Beberapa kali saya hadir di persidangan, beberapa kali dan mungkin banyak kali saya juga masuk dan menonton persidangan Masjid Raya Sanana yang fenomal di media cetak akhir-akhir ini, pandangan unik saya dapati saat beberapa ibu-ibu yang masuk di ruang persidangan, ternyata mereka datang bertumpuk-tumpuk selain menonton persidangan beberapa ibu-ibu itu membaca doa-doa mungkin doa-doa yang dipanjatkan untuk keselamatan dan kemudahan untuk Terdakwa Dugaan Tindak Pidana Korupsi Masjid Raya Sula AHM.  
Selain ibu-ibu yang mambaca doa-doa dalam ruang persidangan (sambil memegang Kitab), di luar Pengadilan juga sekelompok Mahasiswa yang mengatasnamakan Himpunan Pelajar Mahasiswa Sula atau HPMS berunjuk rasa menuntut agar Majelis Hakim yang mengadili AHM agar menjatuhkan pidana terhadapnya. Saya hampir lupa, hadir juga para politisi terutama di Partai Politik Golkar, bahkan ada juga politisi partai politik Demokrat, partai politik PDI Perjuangan, pensiuan birokrat bahkan birokrat aktif.

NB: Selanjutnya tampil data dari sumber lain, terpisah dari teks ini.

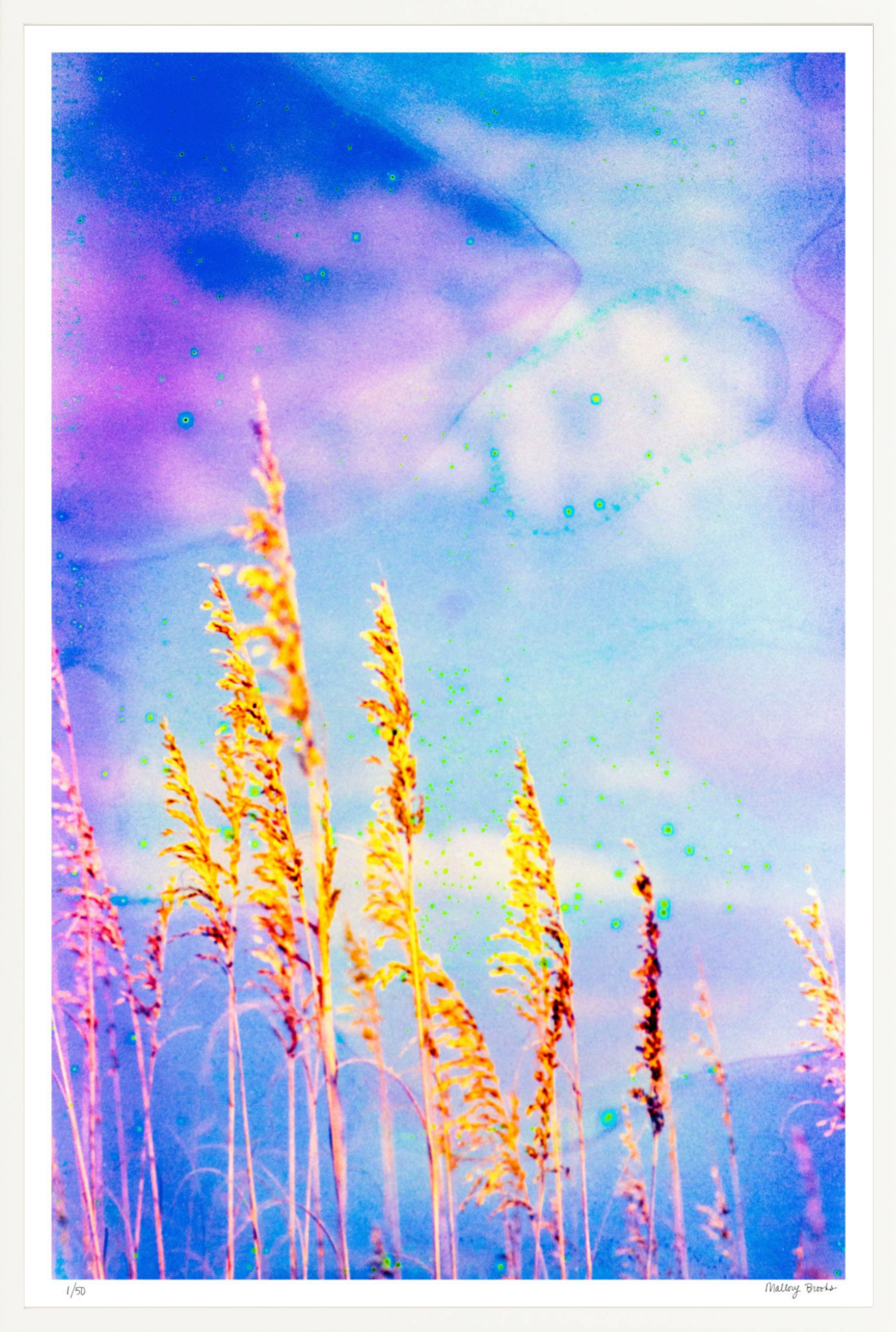 Sea Oat Blues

Saya yang keseharian sebagai seorang Advokat hampir setiap saat dikonfirmasi untuk dimintai pandangan terkait persidangan yang fenomenal saat ini di Pengadilan Tindak Pidana Korupsi pada Pengadilan Negeri Ternate, nah dikesempatan ini saya akan menguraikan secara singkat pandangan saya terkait persidangan Masjid Raya Sanana dengan Terdakwa AHM.
Masjid Raya Sanana
Dari beberapa pemberitaan dimedia cetak terkait sidang Masjid Raya Sanana, salah satu yang studi yang menurut saya menarik untuk didiskusikan yaitu : 1. Pencabutan Berita Acara Pemeriksaan (BAP) oleh saksi-saksi pada saat proses penyidikan (atau pemeriksaan di Kepolisian) dalam persidangan (Malut Post 8 Maret 2017), serta 2. Tanggapan Majelis Hakim yang menolak kehadiran saksi verbalisan (saksi dari penyidik yang memeriksa dan mengambil keterangan saksi-saksi pada perkara a quo).
Lantas apakah saksi mempunyai kewenangan untuk mencabut BAP dalam tahap penyidikan di dalam persidangan.?.
Dalam Pasal 184 KUHAP (Kitab Undang-undang Hukum Acara Pidana) menyebutkan bahwa alat bukti yang sah itu terdiri dari; Keterangan Saksi; Keterangan Ahli, Surat, Petunjuk, dan Keterangan Terdakwa. Selanjutnya berdasarkan Surat Edaran Mahkamah Agung No 1 Tahun 1985, menegaskan Berita Acara Pemeriksaan Saksi (BAP) adalah alat bukti yang mempunyai kekuatan pembuktian sesuai dengan pasal 187 huruf a KUHAP yang tergolong alat bukti surat.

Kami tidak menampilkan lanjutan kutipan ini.